Then, after the crisis, he founded his own company, TIKO-plastic, which grew into one of the market leaders, Nizhny Novgorod businessman Igor Yesin. He owned the privatized Research and Design Institute for Urea and Organic Synthesis Products and sat without orders. To survive, he decided to open a side business for the production of plastic bags, and it turned out to be very profitable.
During the crisis of 2008, many small enterprises went bankrupt, and the rest began to expand production.
According to participants in the plastic bag market surveyed by RBC, there is not a single company with a share of more than 20%. “There are five to seven manufacturers that produce from 500 to 1000 tons of products per month,” says Andrey Novikov. “And there are several hundred, as a rule, regional producers with smaller volumes – 50-100 tons per month.”

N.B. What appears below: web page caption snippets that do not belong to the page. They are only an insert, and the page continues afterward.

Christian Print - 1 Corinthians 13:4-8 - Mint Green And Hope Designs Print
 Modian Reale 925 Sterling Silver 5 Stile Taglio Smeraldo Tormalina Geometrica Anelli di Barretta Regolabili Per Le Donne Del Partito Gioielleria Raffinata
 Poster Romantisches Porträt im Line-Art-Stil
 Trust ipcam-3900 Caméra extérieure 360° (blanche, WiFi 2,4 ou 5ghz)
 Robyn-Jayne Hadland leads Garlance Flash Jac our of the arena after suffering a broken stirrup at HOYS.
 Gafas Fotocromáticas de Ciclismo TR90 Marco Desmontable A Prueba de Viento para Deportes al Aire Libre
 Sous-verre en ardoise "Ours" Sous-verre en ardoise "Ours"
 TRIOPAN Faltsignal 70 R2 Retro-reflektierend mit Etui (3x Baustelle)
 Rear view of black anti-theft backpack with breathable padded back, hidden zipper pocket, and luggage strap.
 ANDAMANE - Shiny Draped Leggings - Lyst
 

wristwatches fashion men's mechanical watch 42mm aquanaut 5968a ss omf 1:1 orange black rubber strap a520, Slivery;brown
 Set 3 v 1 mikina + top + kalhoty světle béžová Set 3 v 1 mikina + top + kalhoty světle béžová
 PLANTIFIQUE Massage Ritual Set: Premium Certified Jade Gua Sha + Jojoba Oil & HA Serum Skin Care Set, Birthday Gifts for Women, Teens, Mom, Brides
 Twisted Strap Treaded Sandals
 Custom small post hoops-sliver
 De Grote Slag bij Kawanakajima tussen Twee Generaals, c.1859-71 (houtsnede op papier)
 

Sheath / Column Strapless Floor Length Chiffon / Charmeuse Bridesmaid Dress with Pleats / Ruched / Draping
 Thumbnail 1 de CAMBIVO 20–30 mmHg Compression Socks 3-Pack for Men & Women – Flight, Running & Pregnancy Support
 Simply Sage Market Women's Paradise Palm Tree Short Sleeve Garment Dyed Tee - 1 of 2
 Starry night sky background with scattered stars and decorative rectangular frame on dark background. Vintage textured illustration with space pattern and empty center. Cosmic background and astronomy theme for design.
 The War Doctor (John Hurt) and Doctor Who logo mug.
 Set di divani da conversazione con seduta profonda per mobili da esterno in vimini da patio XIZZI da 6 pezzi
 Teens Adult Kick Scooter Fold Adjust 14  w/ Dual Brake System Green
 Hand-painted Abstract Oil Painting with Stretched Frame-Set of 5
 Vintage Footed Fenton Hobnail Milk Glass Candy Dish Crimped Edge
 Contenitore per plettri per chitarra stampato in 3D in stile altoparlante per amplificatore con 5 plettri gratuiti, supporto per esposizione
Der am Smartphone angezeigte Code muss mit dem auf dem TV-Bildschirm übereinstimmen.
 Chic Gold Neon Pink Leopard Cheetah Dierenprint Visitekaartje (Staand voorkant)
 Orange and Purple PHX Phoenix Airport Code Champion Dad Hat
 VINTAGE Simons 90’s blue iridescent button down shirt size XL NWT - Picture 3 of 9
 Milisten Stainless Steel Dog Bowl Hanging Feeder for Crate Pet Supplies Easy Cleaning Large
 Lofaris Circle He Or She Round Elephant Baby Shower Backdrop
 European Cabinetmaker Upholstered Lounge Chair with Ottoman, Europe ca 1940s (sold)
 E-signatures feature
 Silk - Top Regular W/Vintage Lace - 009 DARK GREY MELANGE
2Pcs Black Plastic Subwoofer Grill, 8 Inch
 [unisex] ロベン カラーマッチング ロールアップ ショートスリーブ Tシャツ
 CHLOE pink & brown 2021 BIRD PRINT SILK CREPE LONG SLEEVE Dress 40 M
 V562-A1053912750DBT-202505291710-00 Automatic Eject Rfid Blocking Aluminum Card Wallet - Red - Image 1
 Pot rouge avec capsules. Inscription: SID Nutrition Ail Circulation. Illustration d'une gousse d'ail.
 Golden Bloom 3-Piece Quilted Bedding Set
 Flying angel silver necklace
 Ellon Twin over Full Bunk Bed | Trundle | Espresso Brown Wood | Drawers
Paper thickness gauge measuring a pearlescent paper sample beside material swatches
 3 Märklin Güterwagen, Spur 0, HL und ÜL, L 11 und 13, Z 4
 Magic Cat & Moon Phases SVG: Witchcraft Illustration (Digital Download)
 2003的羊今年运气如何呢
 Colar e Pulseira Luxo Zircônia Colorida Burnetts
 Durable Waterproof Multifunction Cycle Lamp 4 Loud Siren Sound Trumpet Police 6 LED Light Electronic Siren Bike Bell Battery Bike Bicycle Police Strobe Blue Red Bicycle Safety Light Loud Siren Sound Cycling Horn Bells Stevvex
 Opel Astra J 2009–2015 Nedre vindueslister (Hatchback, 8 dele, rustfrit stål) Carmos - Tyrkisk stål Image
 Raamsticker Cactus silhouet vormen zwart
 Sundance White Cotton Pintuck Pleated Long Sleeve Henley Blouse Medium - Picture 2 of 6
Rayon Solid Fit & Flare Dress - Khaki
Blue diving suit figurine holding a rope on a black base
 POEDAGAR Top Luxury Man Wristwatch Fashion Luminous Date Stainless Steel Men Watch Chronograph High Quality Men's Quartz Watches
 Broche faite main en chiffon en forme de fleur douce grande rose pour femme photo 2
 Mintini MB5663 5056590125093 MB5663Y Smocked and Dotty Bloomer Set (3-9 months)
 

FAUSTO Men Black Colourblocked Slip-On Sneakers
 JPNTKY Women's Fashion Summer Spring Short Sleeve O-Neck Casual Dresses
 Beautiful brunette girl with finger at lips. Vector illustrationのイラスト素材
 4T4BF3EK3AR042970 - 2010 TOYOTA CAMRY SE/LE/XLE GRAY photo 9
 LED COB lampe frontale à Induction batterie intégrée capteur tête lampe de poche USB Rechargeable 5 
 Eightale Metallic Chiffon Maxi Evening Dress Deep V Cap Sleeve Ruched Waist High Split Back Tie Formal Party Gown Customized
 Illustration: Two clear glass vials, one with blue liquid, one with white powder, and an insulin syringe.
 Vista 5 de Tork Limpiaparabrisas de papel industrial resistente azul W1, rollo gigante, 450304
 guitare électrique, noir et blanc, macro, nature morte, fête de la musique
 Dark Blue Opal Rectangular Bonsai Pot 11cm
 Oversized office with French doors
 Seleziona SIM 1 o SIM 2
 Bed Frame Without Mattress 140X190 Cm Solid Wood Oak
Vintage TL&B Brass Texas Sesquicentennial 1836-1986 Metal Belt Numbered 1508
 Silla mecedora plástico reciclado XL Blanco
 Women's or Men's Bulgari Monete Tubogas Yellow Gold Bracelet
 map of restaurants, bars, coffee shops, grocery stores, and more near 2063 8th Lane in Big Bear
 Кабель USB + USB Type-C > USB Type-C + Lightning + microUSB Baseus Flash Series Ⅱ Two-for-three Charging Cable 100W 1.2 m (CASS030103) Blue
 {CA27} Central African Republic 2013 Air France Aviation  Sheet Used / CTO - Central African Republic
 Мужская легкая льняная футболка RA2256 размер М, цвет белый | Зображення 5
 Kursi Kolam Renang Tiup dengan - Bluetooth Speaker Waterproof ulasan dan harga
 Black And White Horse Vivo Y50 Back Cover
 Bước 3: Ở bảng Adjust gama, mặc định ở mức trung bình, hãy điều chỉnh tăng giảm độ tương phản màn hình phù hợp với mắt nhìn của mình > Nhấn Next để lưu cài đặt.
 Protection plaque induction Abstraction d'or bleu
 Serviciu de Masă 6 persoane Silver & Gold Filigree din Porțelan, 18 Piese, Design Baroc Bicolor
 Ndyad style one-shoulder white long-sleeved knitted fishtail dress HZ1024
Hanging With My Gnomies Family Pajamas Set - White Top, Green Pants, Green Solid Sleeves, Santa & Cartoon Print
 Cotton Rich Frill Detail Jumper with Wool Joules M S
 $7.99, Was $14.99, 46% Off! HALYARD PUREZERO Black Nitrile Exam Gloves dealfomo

“Large companies do not benefit from the bag production business, for them it is troublesome and much less profitable than the export of petrochemicals,” explains Igor Fomin from the Dar company, which produces about 6,000 tons of bags per year.
The main clients of bag manufacturers are non-chain retail, that is, small shops, as well as small and medium-sized wholesalers.
Retail chains place one-time orders for tens of millions of packages, but if you add up the annual sales volumes of packages in X5 Retail Group, Magnit, Dixy and Auchan, the figure will hardly exceed 2 billion pieces. That is, the four largest retail chains account for no more than 3% of the market.